The possibility of appeal also reduces the likelihood of early settlement. Indeed, “early” no longer means within a year after the filing of a complaint and now signifies at least twice that.
Trials. Many of these cases settle after the certification decision. Are any of these cases going to trial? Are there any lessons from cases that get to verdict?
Few, if any, antitrust class actions have gone to trial since courts of appeals started tightening the standards for certification. You would expect even fewer would reach the trial stage due to the fact that the cost of getting them there has risen so steeply. Worse, interlocutory review will seldom increase the defendant’s perception of risk on the merits, making Rule 23(f) almost a pure cost, with little or no benefit, from the plaintiff’s perspective. We’ll have to see a case get to verdict before drawing any lessons.
The future. In the future, what issues are courts most likely to struggle with? Where is there disagreement among the circuits? What needs to be resolved?
The sharp change in the economics of antitrust class actions implies that plaintiffs will bring fewer cases, particularly rule of reason ones, and that settlements will cost defendants less.
Courts of appeals and the Supreme Court will need to sort out how deeply trial judges must delve – and how deeply they may delve – into the merits under guise of applying Rule 23 requirements. The Supreme Court will explore the question in the Halliburton case,[18] a securities fraud lawsuit that pits the Fifth and Eighth Circuits against the Second and Seventh.

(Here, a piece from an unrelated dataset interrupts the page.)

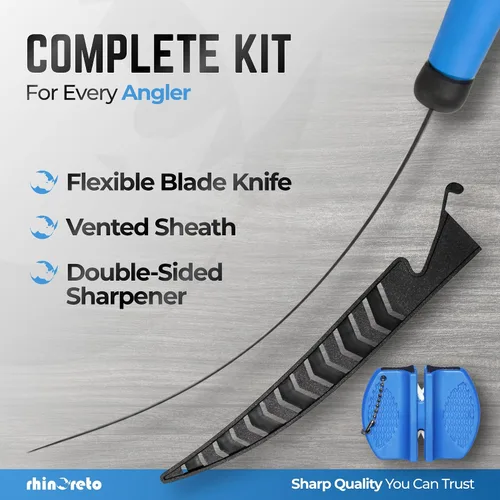 Miniatura 5 de Rhinoreto Cuchillo de filete para pescado, hoja de acero inoxidable alemán flexible y súper afilada de 5-9 pulgadas, cuchillos profesionales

The Supreme Court may also speak to class actions seeking injunctive relief in the Dukes case,[19] which concerns the availability of certification under Rule 23(b)(2) where plaintiffs seek important money relief in addition to equitable relief. The ruling may touch on a question before the en banc Third Circuit in the DB Investments case, [20] although the court seems likely to focus far more on whether indirect purchaser claims predominate where some class members have no viable claim under governing state law.
[1] See 28 U.S.C. § 1404.
[2] See id. § 1407.
[3] For basic information about the Panel, see www.jpml.uscourts.gov.

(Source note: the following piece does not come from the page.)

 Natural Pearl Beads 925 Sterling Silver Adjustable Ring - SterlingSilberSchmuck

[4] Compare Schering-Plough, Inc. v. Fed’l Trade Comm’n, 402 F.3d 1056 (11th Cir. 2005) (holding that reverse-payment agreement did not violate Sherman Act), cert. denied, 548 U.S. 919 (2006); In re Tamoxifen Citrage Antitrust Litig., 466 F.3d 187 (2d Cir. 2006) (same), cert. denied, 127 S. Ct. 3001 (2007); In re Ciprofloxacin Hydrochloride Antitrust Litig., 544 F.3d 1323 (Fed. Cir. 2008) (same), cert. denied, 129 S. Ct. 2828 (2009), with In re Cardizem CD Antitrust Litig., 332 F.3d 896 (6th Cir. 2003) (holding that reverse payment agreement per se violated section 1).

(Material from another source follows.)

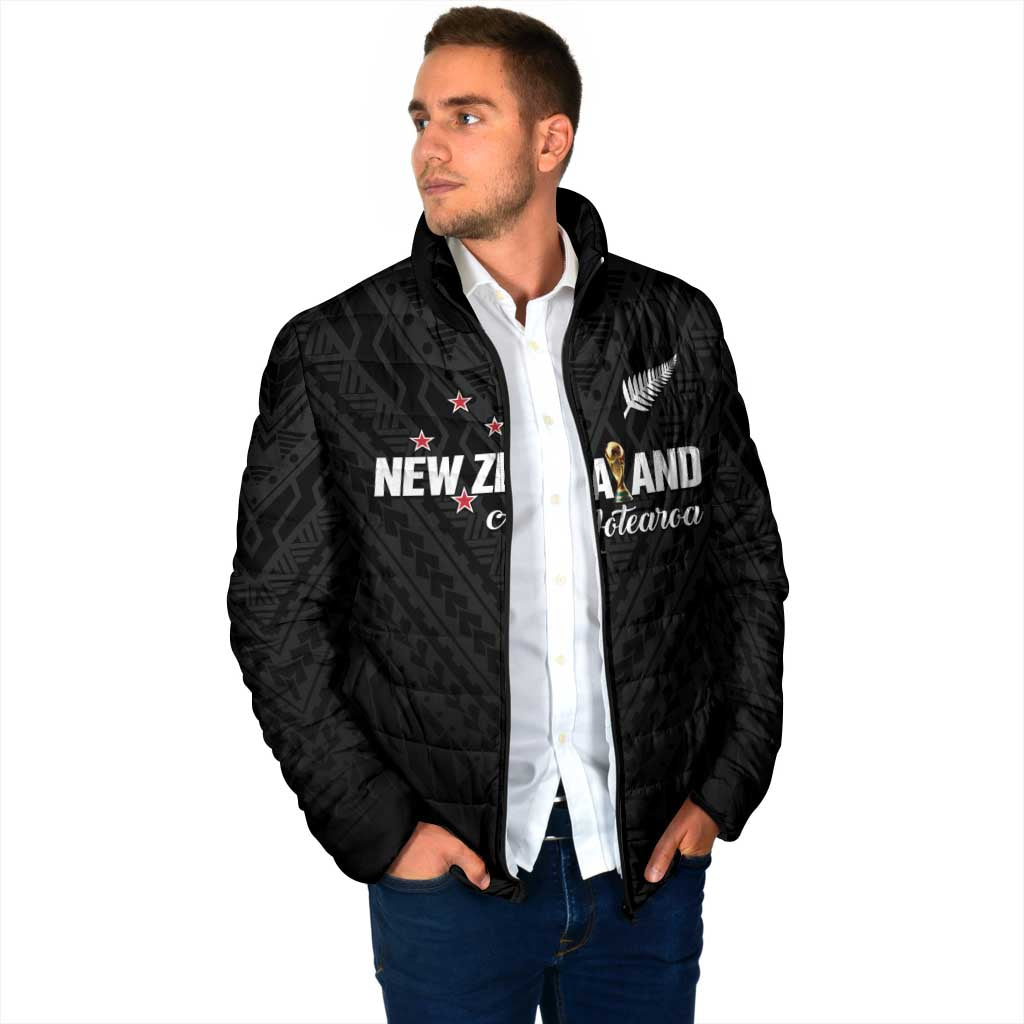 Custom Football New Zealand Padded Jacket Aotearoa United Black Version - Aussie Hoodie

[5] In re Hydrogen Peroxide Antitrust Litig., 552 F.3d 305 (3d Cir. 2008) (setting test for class treatment in price-fixing cases); Sullivan v. DB Investments, Inc., 613 F.3d 134 (3d Cir.), vacated and rehearing en banc granted, 619 F.3d 287 (3d Cir. 2010).
[6] In re Text Messaging Antitrust Litig., 2010 WL 5367383 (7th Cir. Dec. 29, 2010) (holding that complaint alleging conspiracy to fix prices satisfied Twombly and Iqbal pleading standards).
[7] Schleicher v. Wendt, 618 F.3d 679, 686 (7th Cir. 2010) (rejecting Oscar Private Equity Investments v. Allegiance Telecom, Inc., 487 F.3d 261 (5th Cir. 2007), to extent it required plaintiffs to prove loss causation in class certification proceedings). The Supreme Court granted review in a case that followed the rule in Oscar Private Equity. See infra note 15 and accompanying text.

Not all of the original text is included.